Editor's note: This story has been updated to reflect the position of the Wisconsin Maritime Museum, which is not requesting the bell and would be unlikely to accept it if offered.
An association of Wisconsin naval enthusiasts has asked the City of Wauwatosa to permanently loan a historic bell, now on display at Tosa's fire headquarters, to the Wisconsin Maritime Museum in Manitowoc in honor of the state's naval history and to acknowledge construction underway on a new USS Wisconsin submarine.
The bell is currently posted prominently outside the Wauwatosa fire station's front door near the Underwood Avenue sidewalk. It is dated 1899 and was used on the original USS Wisconsin, a U.S. Navy battleship that served in World War I. After that boat was decommissioned, another battleship named for the state deployed during World War II, the Korean War and the Persian Gulf War.
The latest addition to the Badger State's nominal legacy, to be known officially as USS Wisconsin SSBN 827, is a Columbia ballistic submarine being built under federal contract in Groton, Connecticut, by General Dynamics Corp., according to the association that is requesting the bell on behalf of the museum.

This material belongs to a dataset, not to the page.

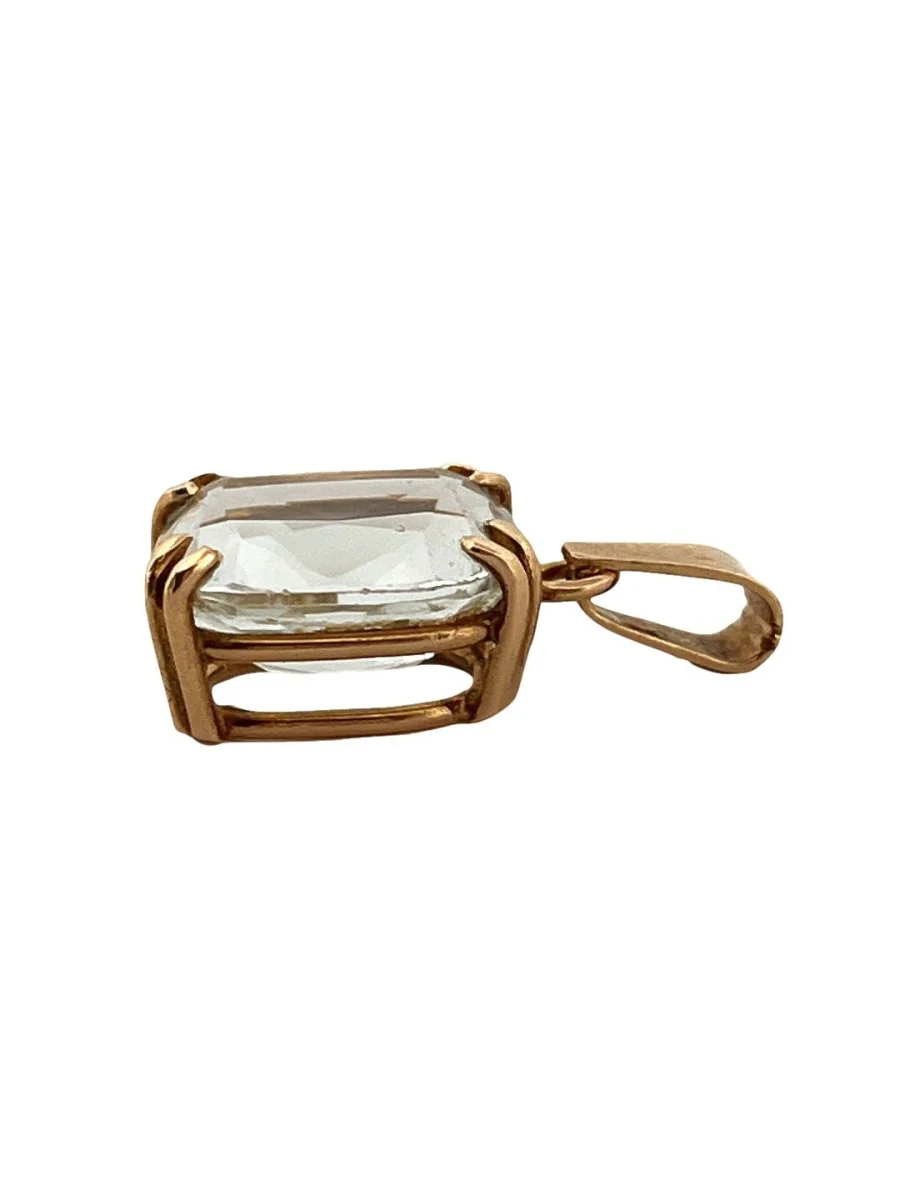 Pendentif en or jaune et aigue-marine - Image 3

"With 2025 being the 250th anniversary of our nation, the 250th anniversary of the U.S. Navy, and the 125th anniversary of our nation's Submarine Service, the citizens of Wauwatosa have a unique opportunity to honor their nautical artifact and link its history to the newest Wisconsin namesake warship," retired Capt. Jim Harvey, president of the USS Wisconsin SSBN 827 Association, said last month in a letter to Wauwatosa Mayor Dennis McBride.

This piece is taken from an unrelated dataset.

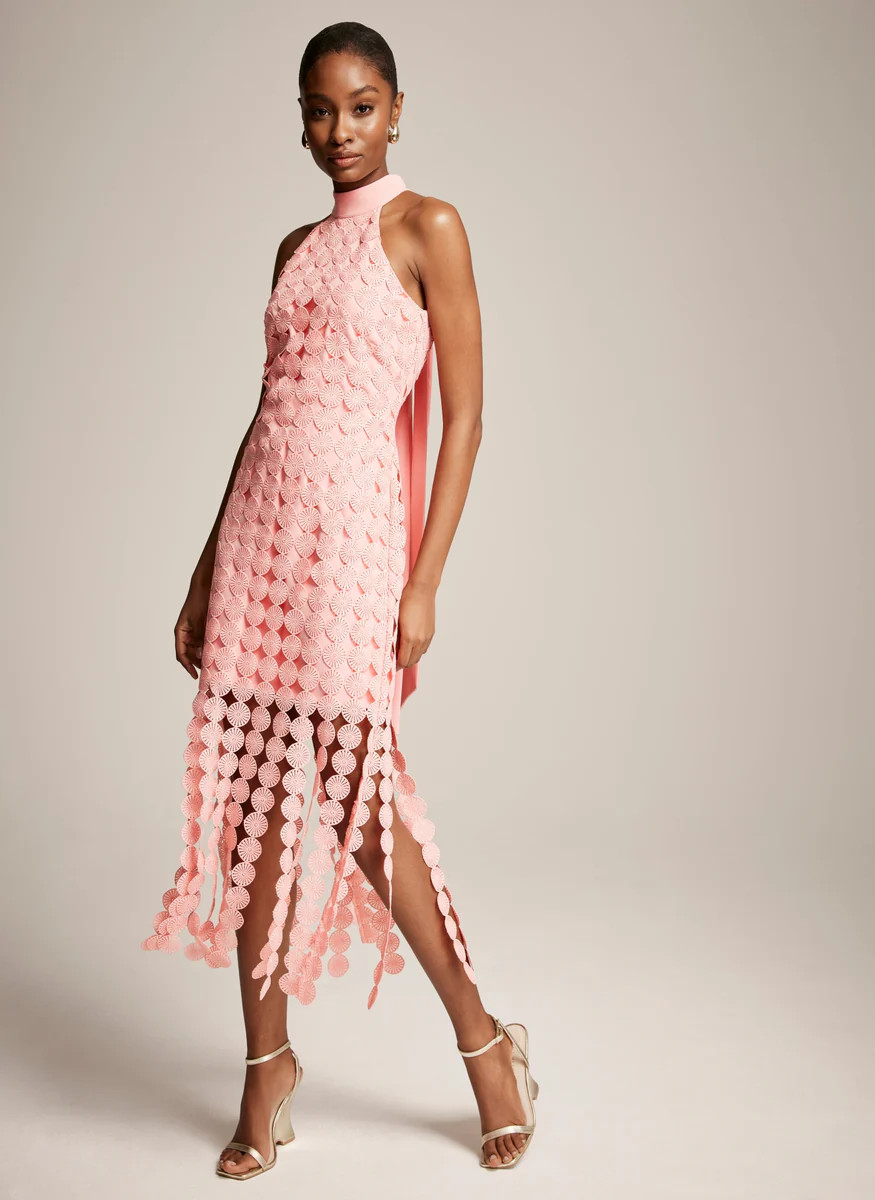 Pink Disc Fringed Midi Dress | Mint Velvet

The association, which formed in 2021, is seeking to transfer Wauwatosa's historic bell in time for an Oct. 13 dedication in Manitowoc. The Wauwatosa Common Council's Community Affairs Committee is scheduled to discuss the request at its 7:30 p.m. Sept. 23 meeting at City Hall and on Zoom.
UPDATE: The committee decided to table the issue for the next few months so it could be studied further.
The Wisconsin Maritime Museum, when reached later for comment, told Tosa Forward News that it had not requested the bell and likely would not accept the bell even offered, because it does not match internal criteria that items in its collection be either made in Wisconsin or related to the Great Lakes. Museum leaders have advised Harvey's group that other institutions might be more appropriate for relocating the bell.
The first USS Wisconsin was built by Union Iron Works in San Francisco, California, at a cost of $2.7 million, and commissioned in 1901, according to a historical plaque on display below the bell in Tosa. Weighing about 12,000 tons, the battleship could reach speeds of nearly 18 knots and was built to cary 43 officers, 56 marines and 735 other naval personnel.
For the next two decades, it deployed to the Pacific and Atlantic oceans, including service in World War I, before it was decommissioned in 1920. The battleship's bell was purchased by noted Wauwatosa resident Frederick Underwood and given to the city in 1923.


Tosa's fire department used the bell for the next two decades to alert firefighters when there was an emergency, though it was put in storage in 1942 when the department moved to a new location, according to an On Milwaukee article about the department's history. Years later, the bell was installed at Wauwatosa's civic center, and when the fire department built a new headquarters on Underwood, the bell was transferred to its current location out front.
The new USS Wisconisn is expected to be commissioned around 2031. The association that formed in its name has a mission "to connect the people of Wisconsin with the ship's crew" and "to build Wisconsinite awareness of this new warship and its nautical heritage," including the two prior USS Wisconsin ships.
Harvey, in his letter to McBride, said the association just recently learned that Wauwatosa had the bell from the original USS Wisconsin. If given on loan, the bell could be used as a central artifact in a historical exhibit about the three USS Wisconsins and "enlighten Wisconsinites of the rich nautical role this state has played in building our great nation," Harvey wrote.